One of the interesting things about reading Augustine’s Confessions is the way it makes one reflect on what the practice of confession means in a full theological sense. Clearly Augustine’s act of confessing in his account includes what we normally think of, namely the public admission of sin. However it is clearly much, much more than that for Augustine. All throughout the Confessions the language is saturated with longing, prayer, inquiry, exultation, sorrow, joy, and hope. In short, the language of the Confessions is the language of the pslams, or more generally, of prayer.
Put even more succinctly, for Augustine, confession ultimately is centered in speaking the truth about God and creation in all its dramatic complexity and contingency. “Confession” means something like profession of the fullness of our faith, proclamation of the gospel in all its dimensions. Confession is the passionate commitment to speak the truth in all its beauty in the face of our own manifest slavery and contradiction. However for Augustine this task is not one of sheer moral resolve, let alone humiliation, rather it is an exercise of joy in God.
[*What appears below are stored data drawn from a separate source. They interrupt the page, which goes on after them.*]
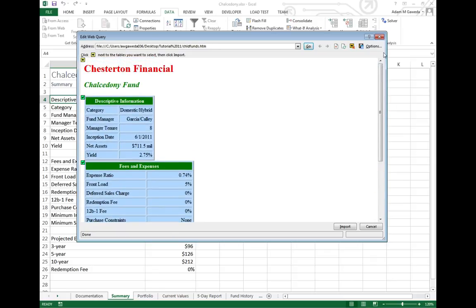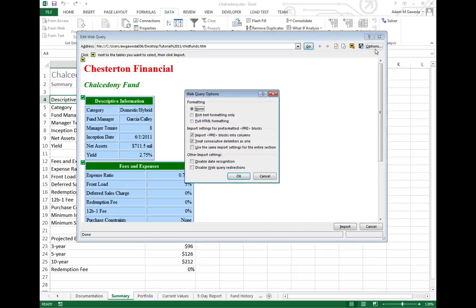But one of the things we can do is we can also come in here and select this options button. That's actually going to allow us to take, say for example, the formatting with it.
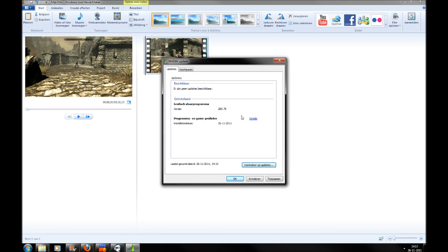Alternatively, you could downgrade, but as far as I know that involves uninstalling your current drivers and trying to find older ones. I'm not sure how that works.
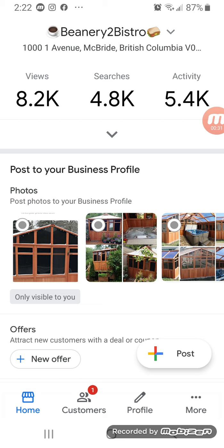Very quickly, as you can see, in the last month or so they've had over 8,000 views, almost 5,000 searches, and there's been about 5,000 individual activities — which basically means viewing photographs and posts, asking directions, or calling the restaurant to make a booking. Very pleased with those results, and it comes through optimizing your Google My Business listing.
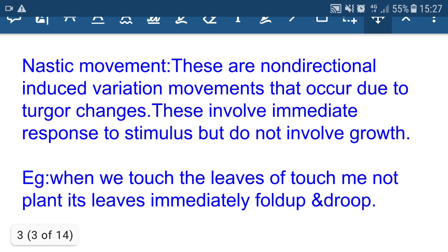Nastic movements are growth-independent movements. These are non-directional movements that occur due to turgor changes — that is, a change in the concentration of water present in the plant body. These involve an immediate response to stimulus but do not involve growth. If plants change the concentration of water inside the body, movement of leaves and flowers takes place. For example, when we touch the leaves of a touch-me-not plant, the leaves immediately fold up and droop.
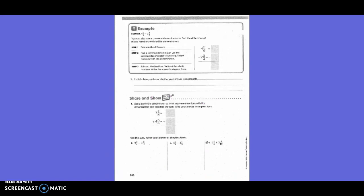Example: subtract four and five-sixths minus two and three-fourths. You can also use the common denominator to find the difference of mixed numbers with unlike denominators. Estimate the difference. What would be around four and five-sixths? Five. So five minus what would two and three-fourths be rounded to? Three. So five minus three equals two. Now we have to find a common denominator to write equivalent fractions with like denominators.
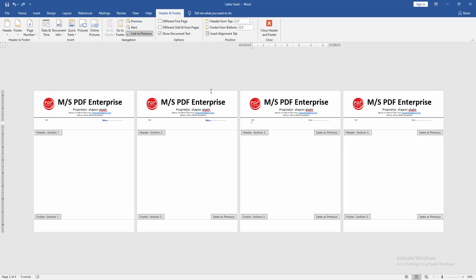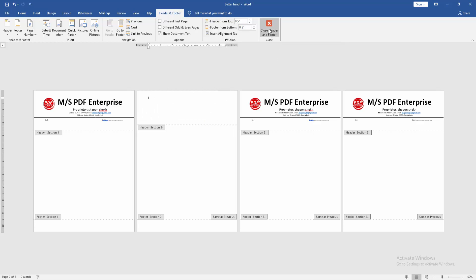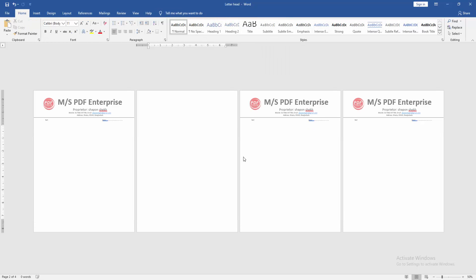Then go to the third page and click link to previous. Then go to the second page and delete the text. Then close the header and footer option.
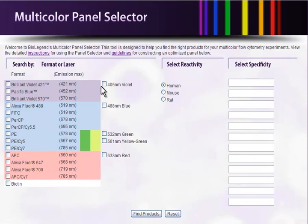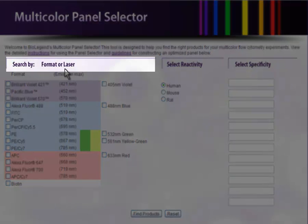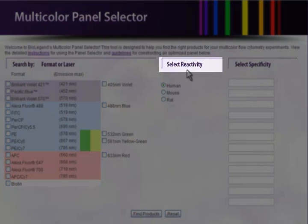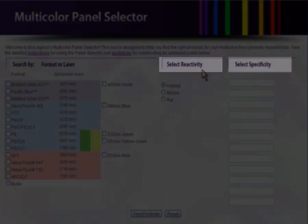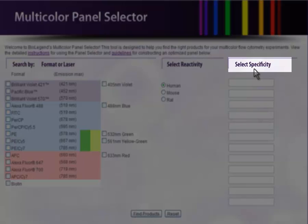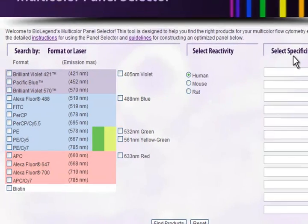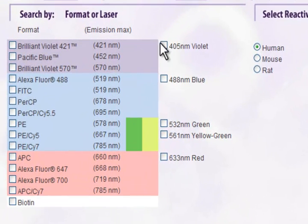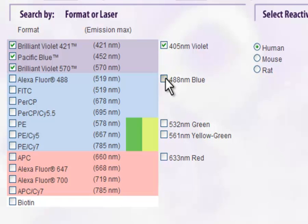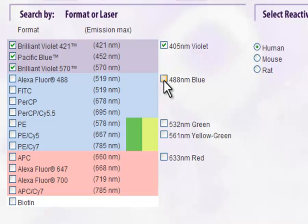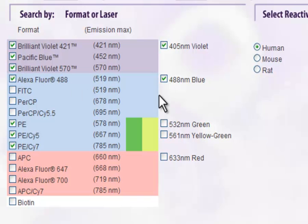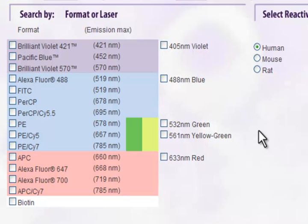The selector has three categories for input: Format or laser, reactivity, and specificity. You can turn on and off lasers based on the specifications of your instrument. Or if you don't want to use a certain fluorophore, you can individually turn on or off any formats. If you leave all the entries blank, the selector will default to giving you results for all of the formats.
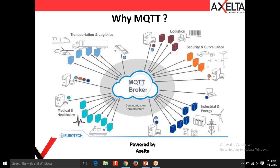Hi everyone. On the screen you can see a slide showing different sectors — transportation, logistics, security and surveillance, industry, energy, and medical healthcare — all connected to a cloud represented as an MQTT broker. Each sector has bidirectional arrows, meaning it can both send and receive data. This is how MQTT works.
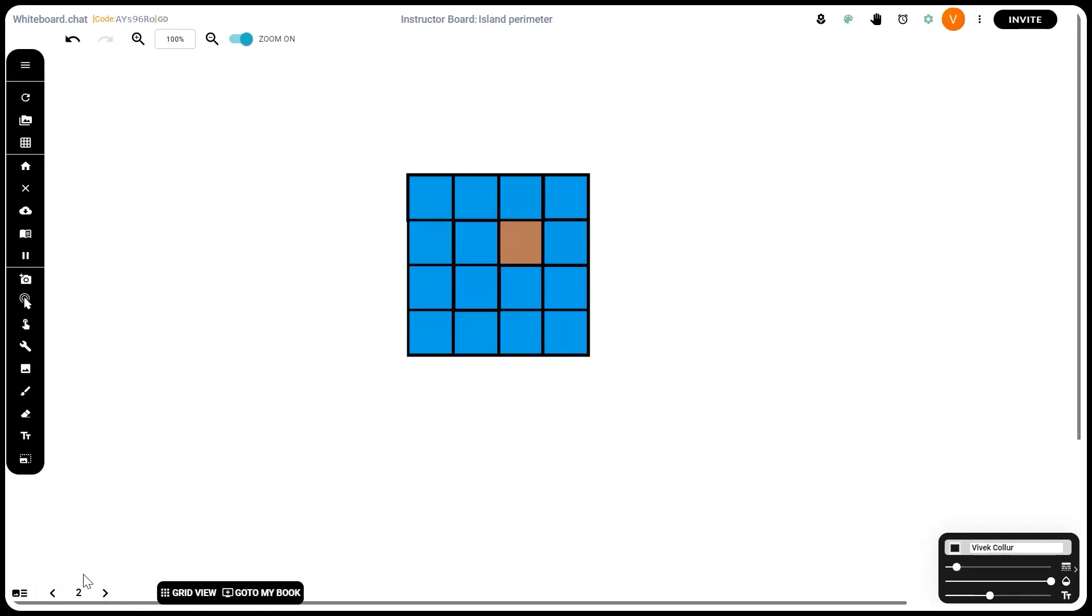Now the key to solving this problem is to figure out how to solve the cases where one portion of land is surrounded by three tiles of water, by two tiles of water, and by one tile. Once we figure out how to solve that, we'll have got our solution.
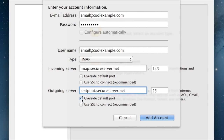To override existing ports, check here. Unless you have an SSL, leave the Use SSL unchecked. Now click Add Account.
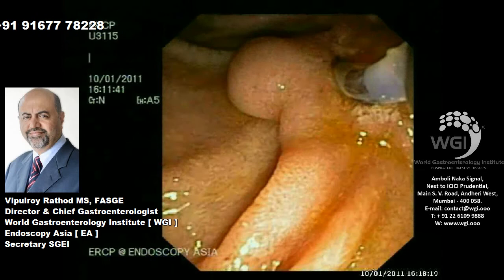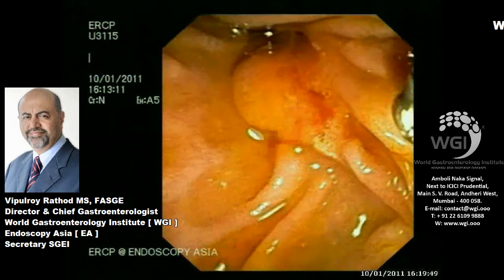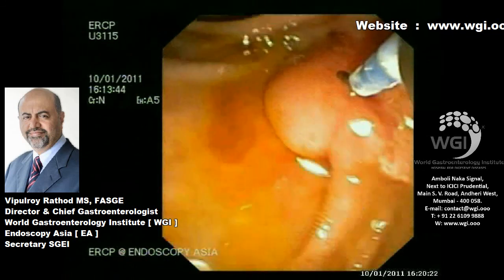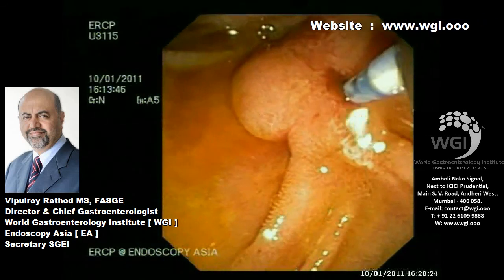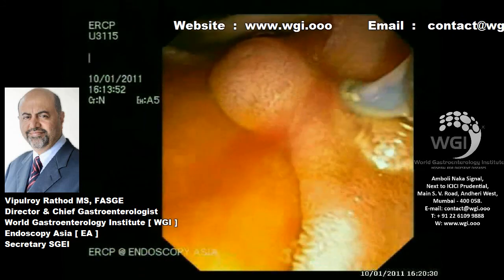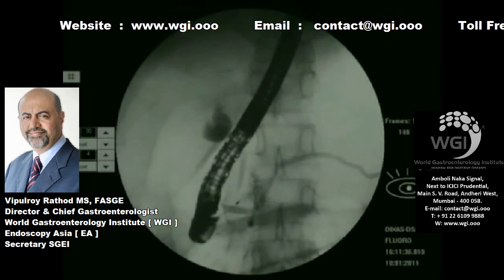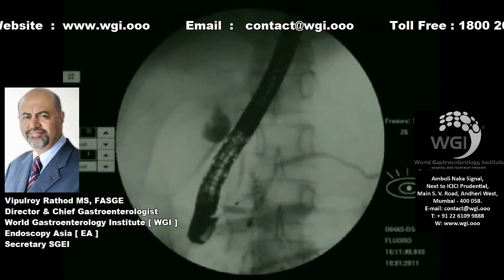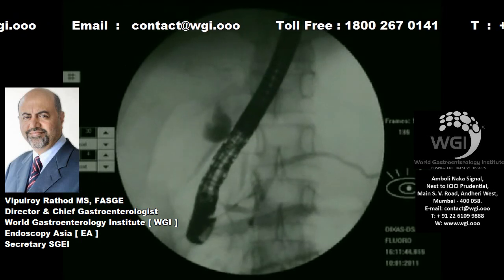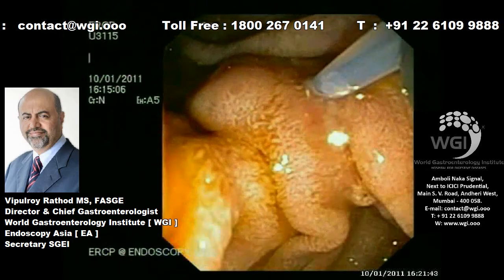We will now try to cannulate the major papilla with the guide wire. It is our standard practice to cannulate with Terumo, and I prefer to use a cannula in such situations. You can see I am trying to get into the major papilla and going into the duct where there are a lot of stones, and it is not easy to maneuver through those stones.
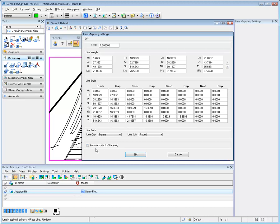When automatic vector stamping is enabled, all MicroStation tools can be used as raster tools. The resulting element is burned or stamped onto the raster instead of residing in the design file as a vector element.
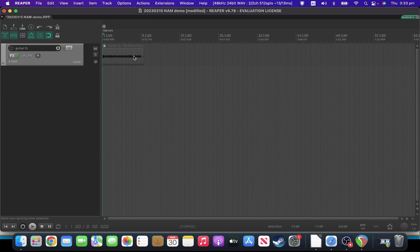ToneHunt is also one of the best places to find captures, in addition to the GitHub and the websites. Thank you for watching and I look forward to seeing you in the next one.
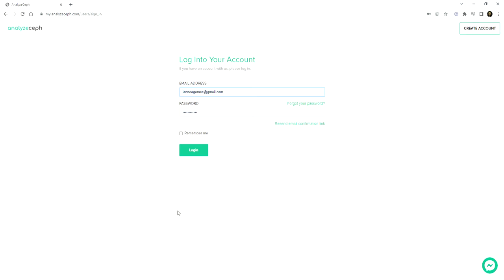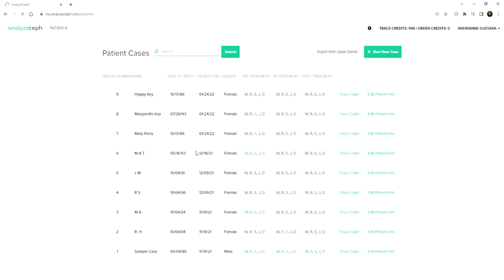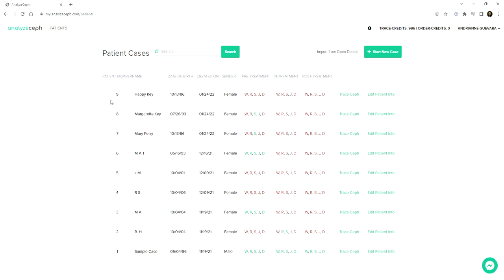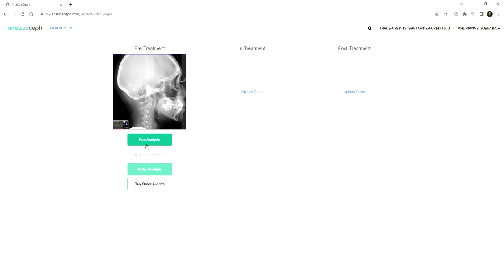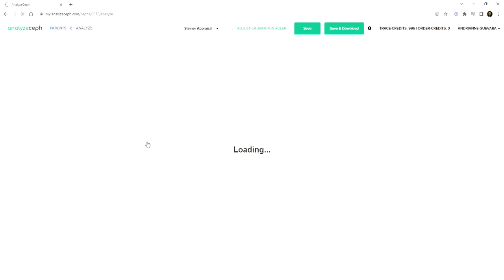I'm going to show you how to do the Steiner's analysis on Analyze CEF. First, you need to log in, and on your patient cases, you may choose to start a new case. I already uploaded the CEF of my patient, so I'm doing patient number 8. We're clicking Trace CEF and doing the pre-treatment, so let's run the analysis.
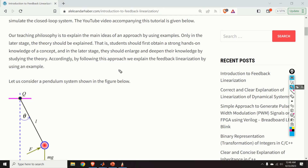My teaching philosophy is to explain the main ideas of an approach by using examples, and only in the later stage should the theory be explained. Students should first obtain a strong hands-on knowledge of a concept, and in the later stage enlarge and deepen their knowledge by studying the theory. Accordingly, I explain the feedback linearization by using an example. The main purpose of this video is to provide a quick introduction to feedback linearization by using an example. Later on, you can open the book and study feedback linearization in more detail.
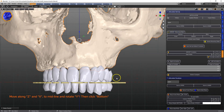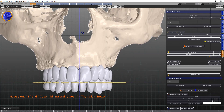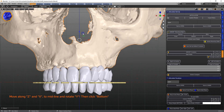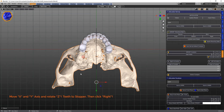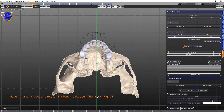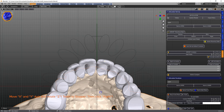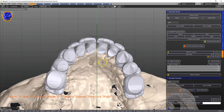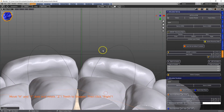Then we're going to import the mounting table, and as you see the other teeth and objects move with it. From below, I want to grab this and move it to the stopper — the stopper being this little platform over here.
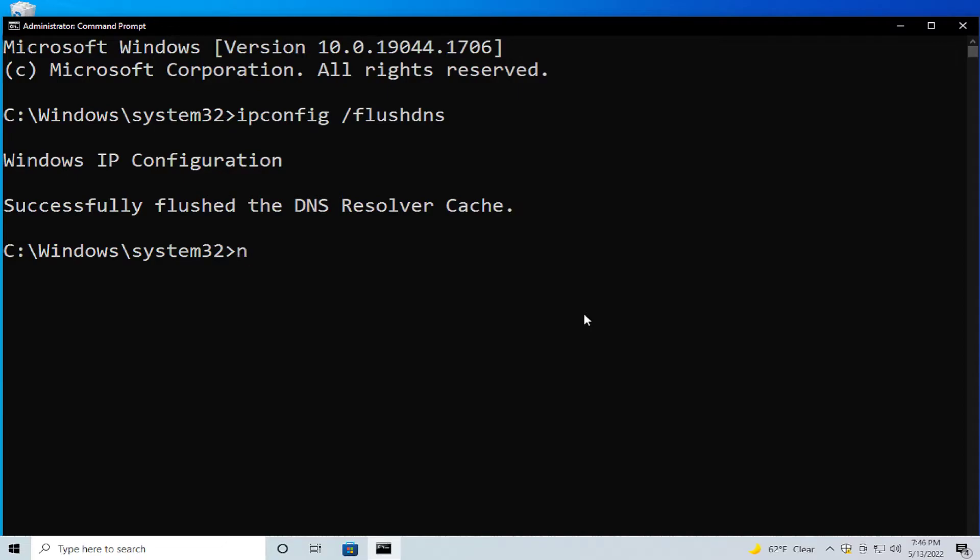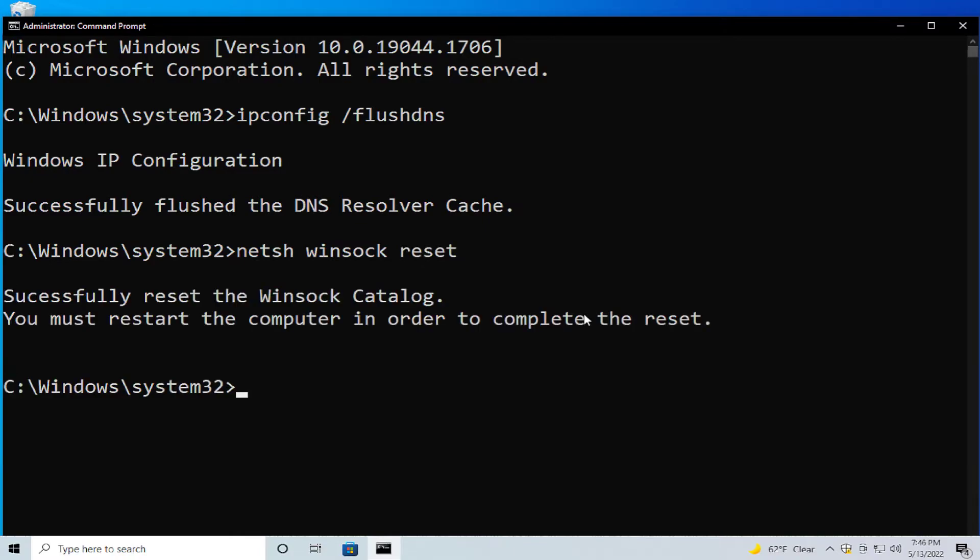netsh winsock reset and hit enter. Successfully reset the Winsock Catalog. You must restart your computer in order to complete the reset.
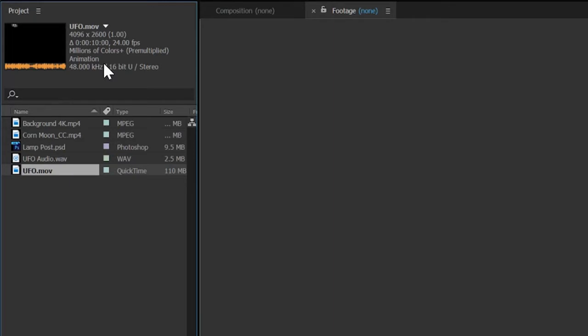One way to tell if an element has transparency is if the description includes millions of colors plus. The plus usually indicates an alpha channel, which is used for transparency.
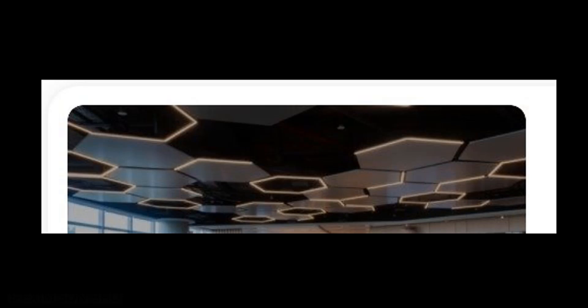Hi, this video is going to show you how to draw a hexagon drop ceiling like this.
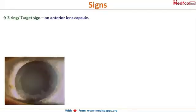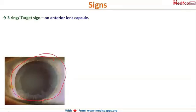The first sign is the target sign, also called the bull's eye sign or the three-ring sign. You can see three different rings that appear like a target or bull's eye.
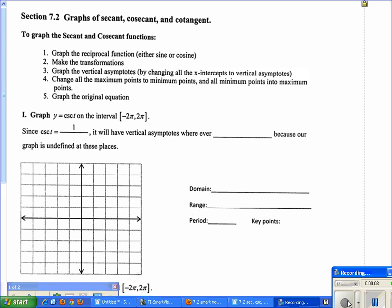Section 7.2 graphs the secant, cosecant, and cotangent. To graph the secant and cosecant functions, we follow these steps: graph the reciprocal function (either sine or cosine), make transformations to those functions, then graph the vertical asymptotes, change all maximum points to minimum points and all minimum points to maximum points, and then graph the original equation.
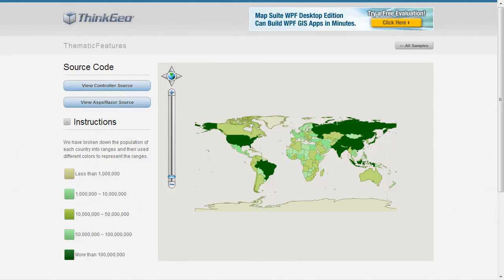In this MapSuite MVC Edition sample app walkthrough, we're going to show you how to build some thematic maps using the class break style.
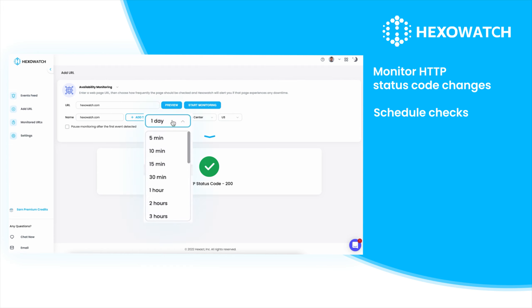Based on your objective, you can check the frequency of checks from every three months down to five minutes for rapidly changing pages.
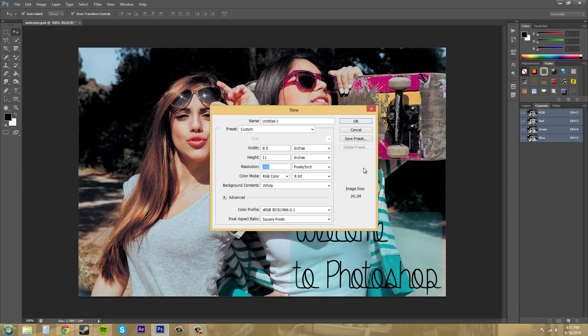So if you have a photo business and you're taking pictures of someone and selling them, you want to have your resolution at 300 pixels per inch. That's going to be the most color value that you'll get.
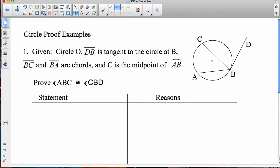So keeping all those things in mind, we're ready to start our first proof. We're given circle O where segment DB is tangent to the circle at B, segment BC and segment BA are chords, and C is the midpoint of arc AB. We're trying to prove that angle ABC is congruent to angle CBD. Because we're not really dealing with triangles here, we're going to have to use our properties about circles, chords, and tangents to get our angles congruent.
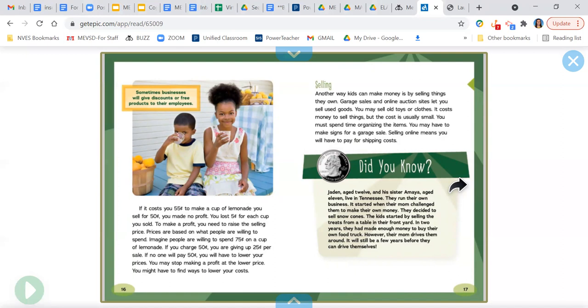Selling. Another way kids can make money is by selling things they own. Garage sales and online auction sites let you sell used goods. You may sell old toys or clothes. It costs money to sell things, but the cost is usually small. You must spend time organizing the items. You may have to make signs for a garage sale. Selling online means you will have to pay for shipping costs.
To boil it all down, confession must ultimately be seen as the articulation of our own doxological transformation. In confession we recount how we have been and continue to be caught up into God’s radical love which draws us away from sin and futility and towards the fullness of life and joy in sharing in the triune life. In short, confession is doxology. In confession we are drawn to speak (or sing) the truth of God’s intrusion into our lives of sin and slavery out of the excess of the joy that comes from knowing God and knowing ourselves and our neighbors in God.
Confession is not a difficult moral duty. Rather it is an exercise of doxological delight in the beauty of how God has seized in Christ and through the Spirit given us a share in the very life of the Trinity.